Just wanted to point out this recent github bug report..

https://github.com/llvm/llvm-project/issues/61166

In fact, I don't think that it is a good idea to support MIPS I with degrading the performance of MIPS2+.

In fact, here we have more than 1 problems:

  1. clang --target=mips-gnu-linux -march=mips1 fails due to lack of sync https://github.com/llvm/llvm-project/issues/61166
  1. float instructions are always emit even +softfloat option is given.
  1. ./bin/llc -global-isel -mtriple=mips64el-linux-gnu -verify-machineinstrs ../llvm/test/CodeGen/Mips/GlobalISel/llvm-ir/load_atomic.ll -o - always fails.

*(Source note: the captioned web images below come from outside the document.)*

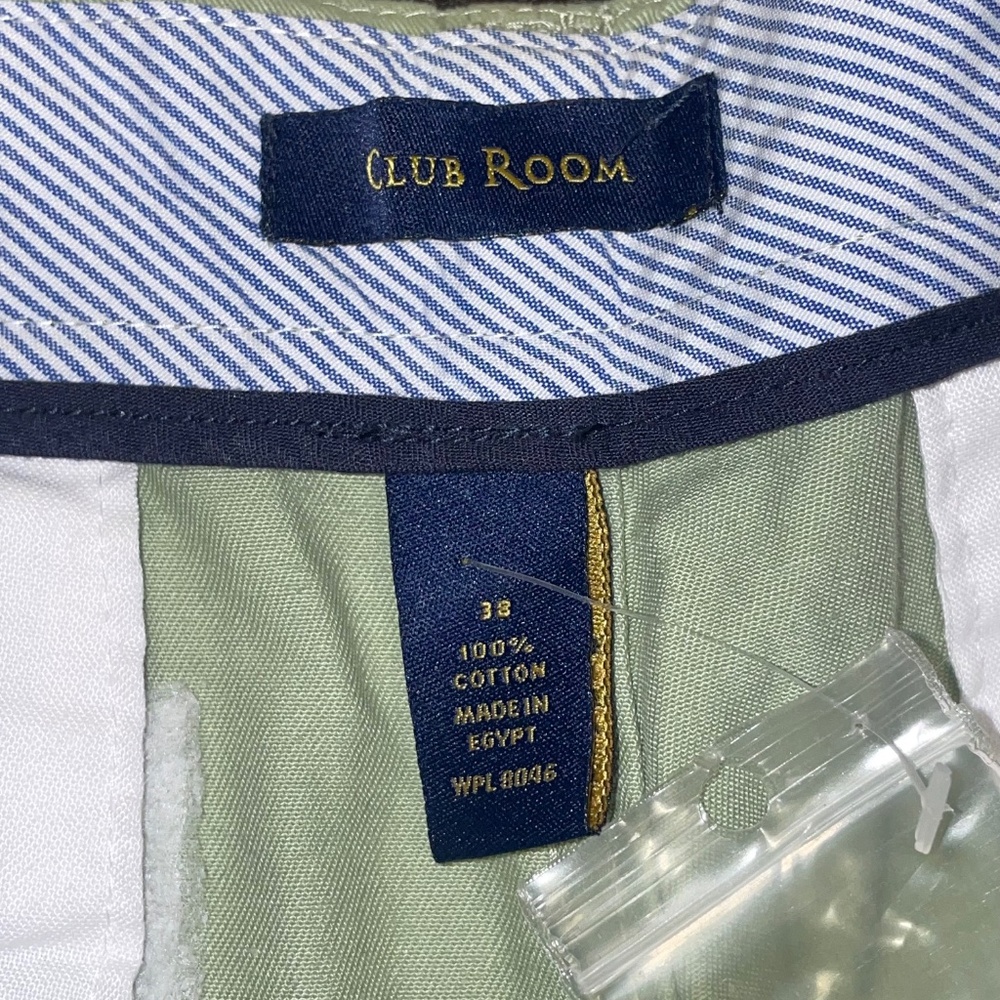 NEW Men's Club Room Green Clover Chino Short Adult Sz W 30 Inseam 10 100% Cotton - Picture 9 of 9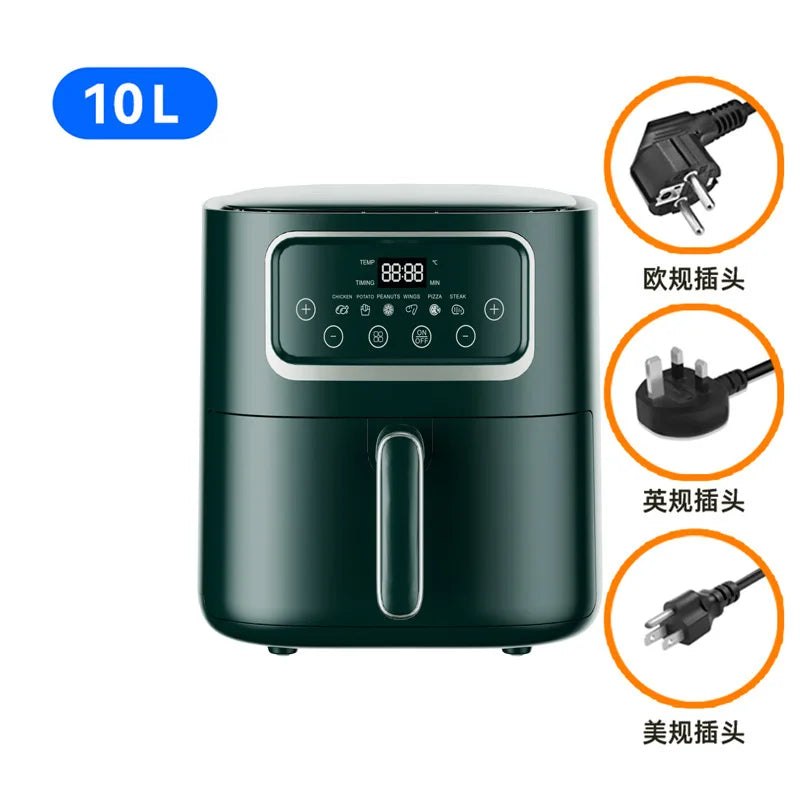 Stainless steel household 10 liter large capacity intelligent electronic digital fryer, oil-free multifunctional touch screen ai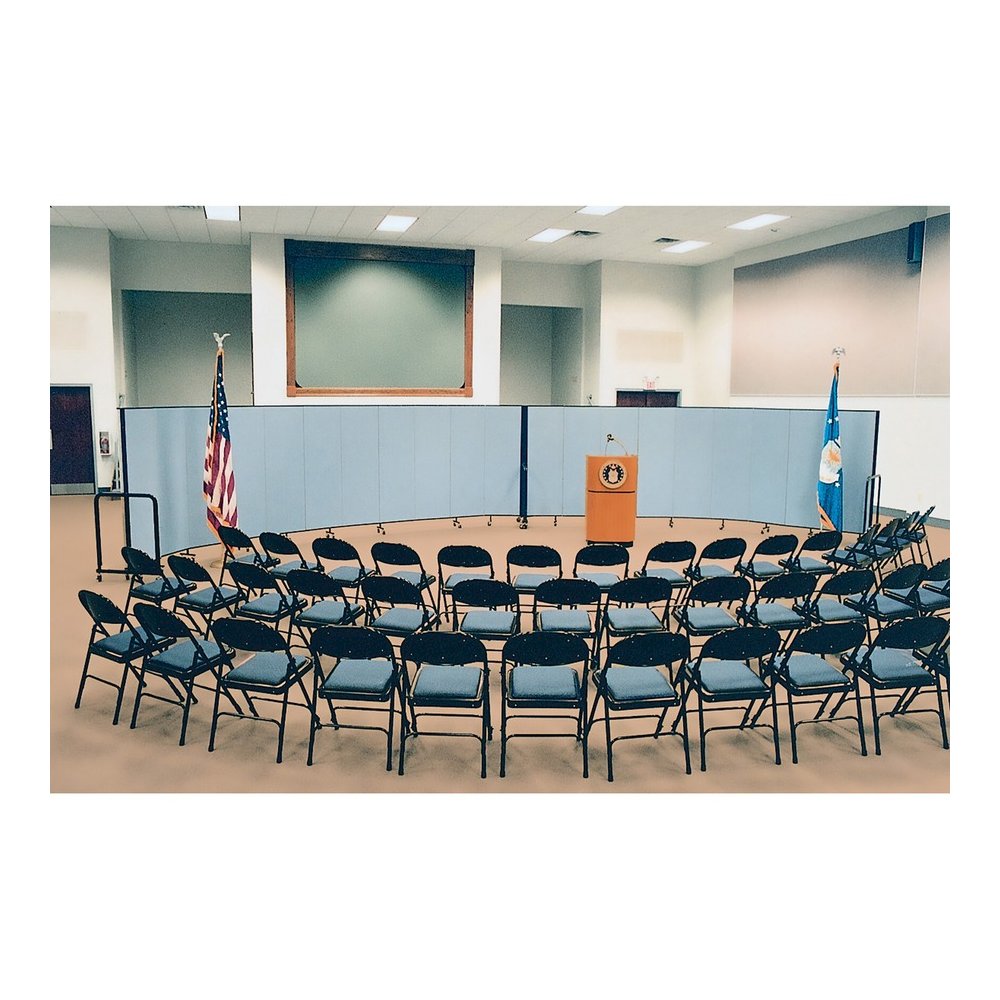 Screenflex Portable Room Dividers - 72" Height x 20.4 ft Length - Black Metal Frame - Polyester - Stone - 1 Each. Picture 5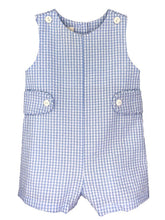 Load image into Gallery viewer, Blue Gingham Seersucker Romper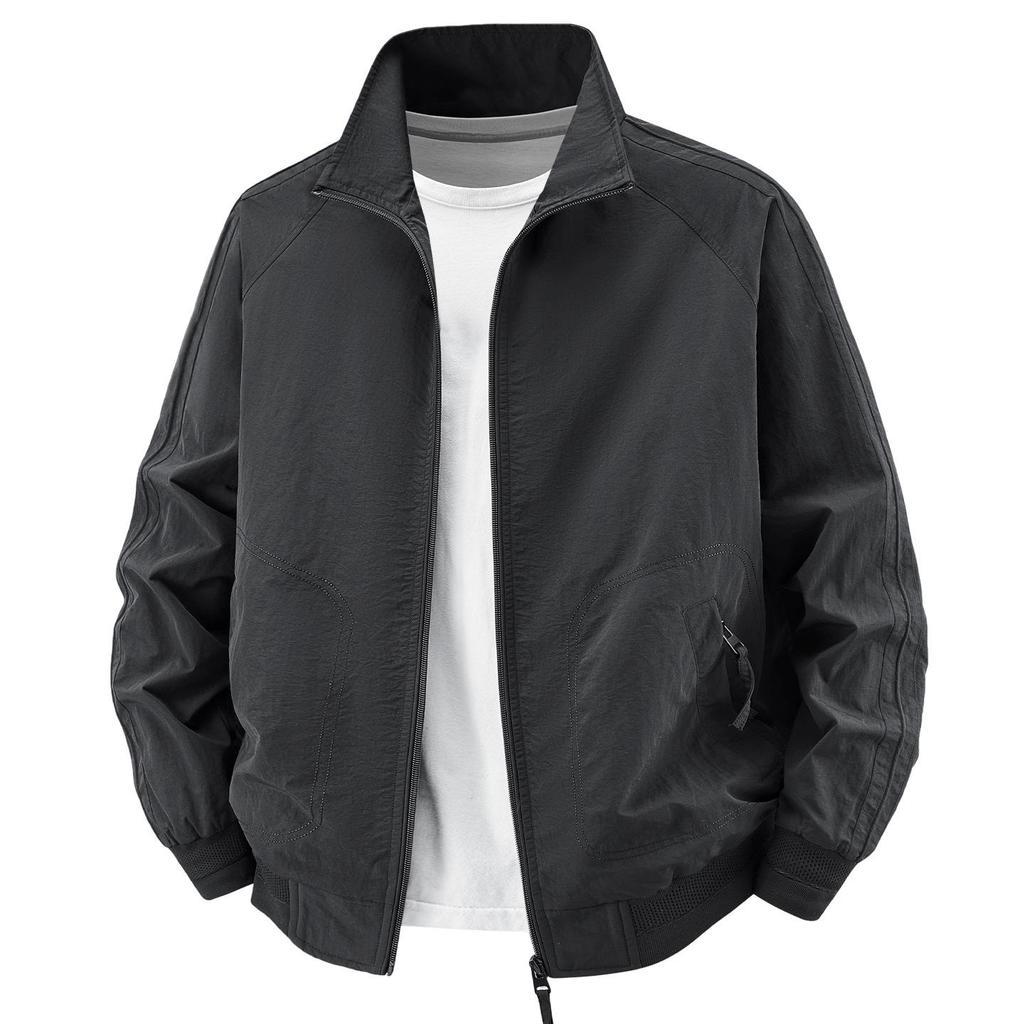 Men's Cross-Border Business Casual Windproof Stand-Up Collar Loose Jacket for Spring and Autumn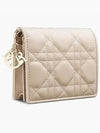 Lady Cannage Small Lambskin Half Wallet Sand - DIOR - BALAAN 3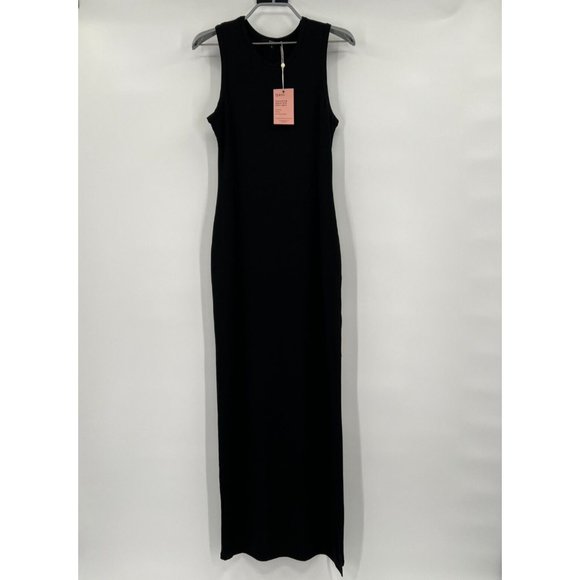 Quince Women’s Black Tencel Jersey Tank Maxi Dress sz S NWT Side Slit Sleeveless - Picture 2 of 10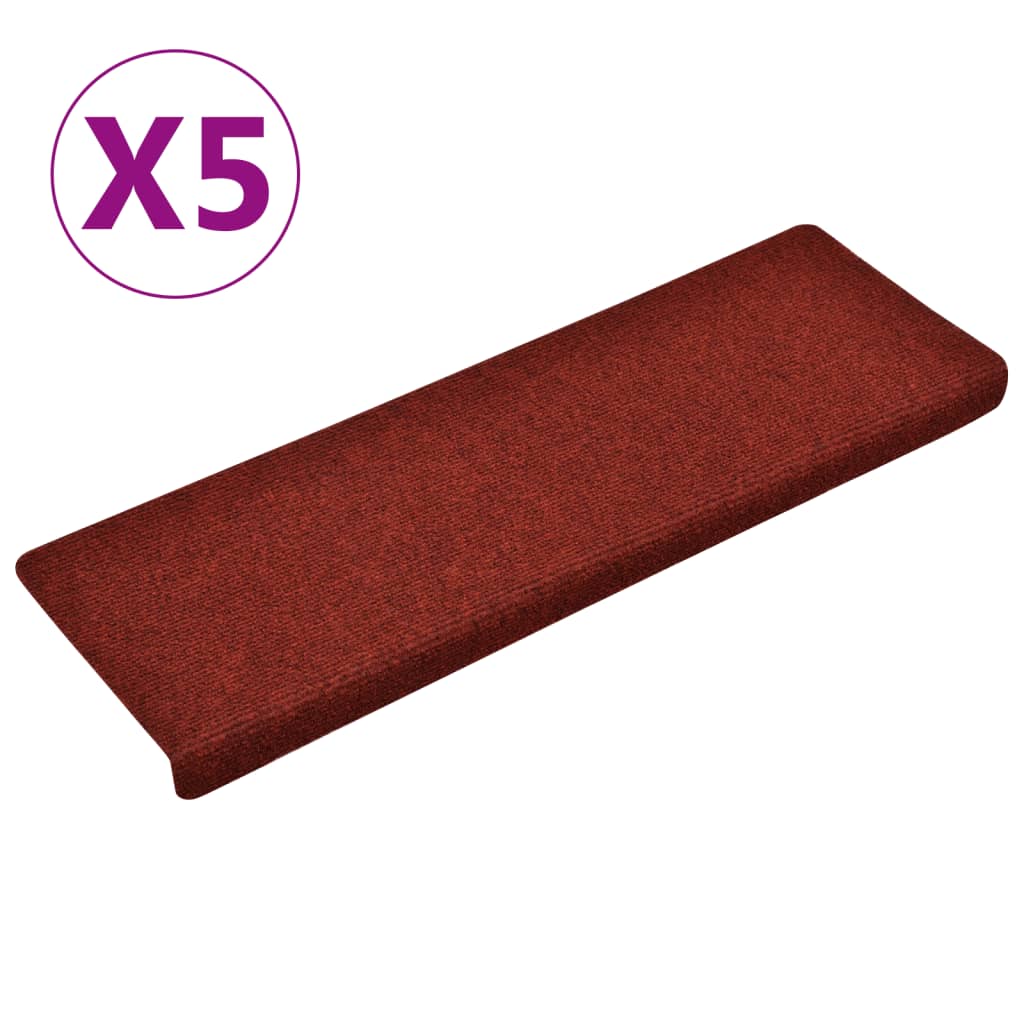 Trapmatten 5 St 65X25 Cm Naaldvilt Bordeauxrood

To work with MIPS1, I guess

if (!Subtarget.hasMips2())
  setMaxAtomicSizeInBitsSupported(0);

Should be enough.

brad updated this revision to Diff 540614.Jul 14 2023, 7:05 PM
efriedma accepted this revision.Jul 14 2023, 7:30 PM

LGTM. (I was sort of hoping for someone with Mips expertise to show up to approve this, but lacking that, I don't see any issues here.)

This revision is now accepted and ready to land.Jul 14 2023, 7:30 PM
This comment was removed by wzssyqa.
This comment was removed by wzssyqa.
wzssyqa added a comment.EditedJul 15 2023, 3:03 AM

Sorry. It is my fault. With some dig, I know that some microarchitectures may split one ldc1/sdc1 to 2 micro-ops.
Thus we cannot be sure that it is atomic.

So, I agree with Brad's patch now.

Maybe, in future we can determine which core won't split it.

This revision was landed with ongoing or failed builds.Jul 15 2023, 2:29 PM
This revision was automatically updated to reflect the committed changes.